I'm kind of stuck with an assignement concerning my exams. I want to find out the types of those two functions by applying the unifying algorithm by hand:
map map
(\x -> x >>= (\y -> y))
Could someone point me to the right direction? The only ressource I could find until now was the wikipedia entry which is not really aiding me because of the high level of abstraction.
Greetings and thank you.
Let's just do the first.
map :: (a -> b) -> [a] -> [b]
Now we can write it again with two different names, for clarity:
map :: (c -> d) -> [c] -> [d]
Now we substitute the second as the first parameter of the first, getting:
(a -> b) === (c -> d) -> ([c] -> [d]) (recall the associativity of (->))
a === (c -> d)
b === ([c] -> [d])
Now we substitute those type assignments into the remaining portion of the first signature, getting
map map :: [c -> d] -> [[c] -> [d]]
Clear?
The type of map is map :: (a -> b) -> [a] -> [b]. Hence the type of map foo is obtained from [a] -> [b] by substituting a and b with what can be derived from foo's type. If, for example, foo :: t -> t, you substitute a = t, b = t and obtain [t] -> [t]. If foo :: [t] -> Int, you obtain [[t]] -> [Int].

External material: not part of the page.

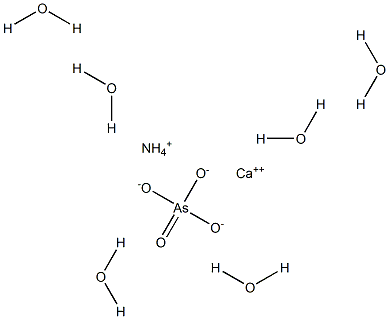 Ammonium calcium arsenate hexahydrate Struktur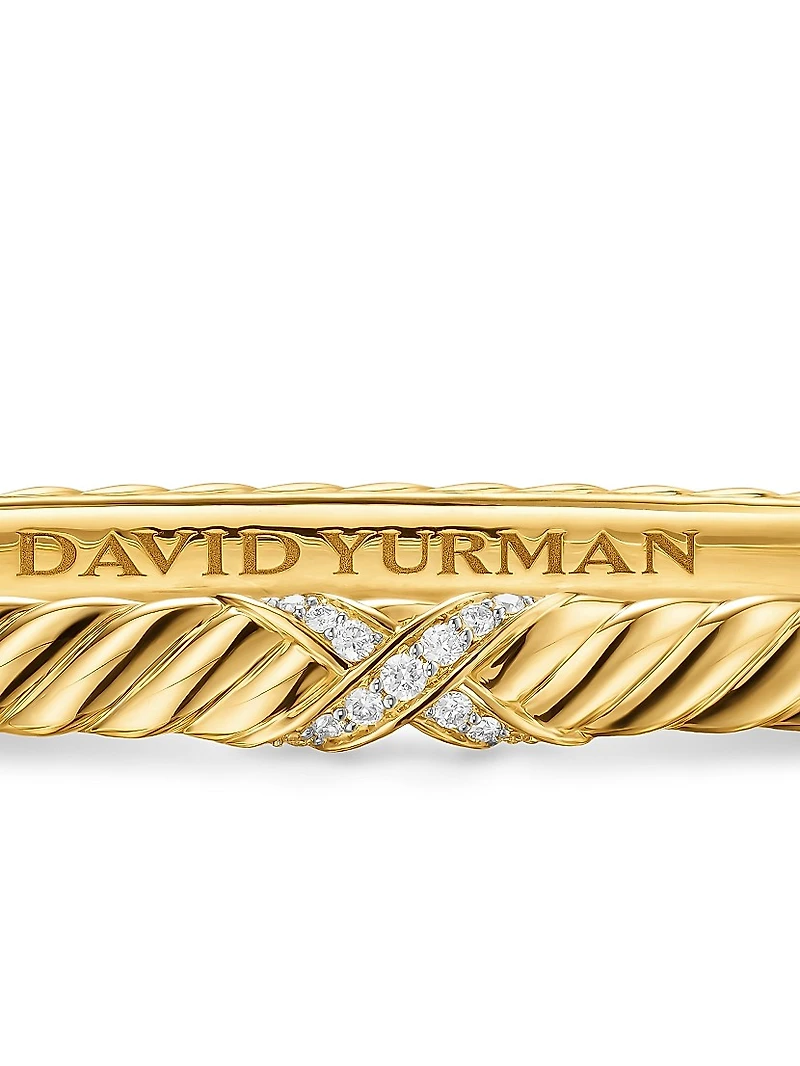 Sculpted Cable X Bracelet 18K Yellow Gold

In your case, the type of foo (which is map) is (x -> y) -> [x] -> [y]. You have to unify that type with a -> b to find out what a and b have to be substituted with. [Note that the function arrow is right-associative, x -> y -> z = x -> (y -> z).]
To find the type of
\x -> x >>= (\y -> y)
use the known type of (>>=) :: Monad m => m a -> (a -> m b) -> m b. Ignore the constraint (Monad m =>) for now.
As the first argument of (>>=), x must have a type m a for as yet unknown m and a. The second argument of (>>=) is here the identity,
(\y -> y) :: t -> t
so you must unify t -> t with a -> m b. That gives you some information about a, namely a = m b.
That gives x :: m (m b), and (\x -> x >>= (\y -> y)) :: type_of_x -> type_of_rhs.
Finally remember the temporarily forgotten constraint Monad m =>.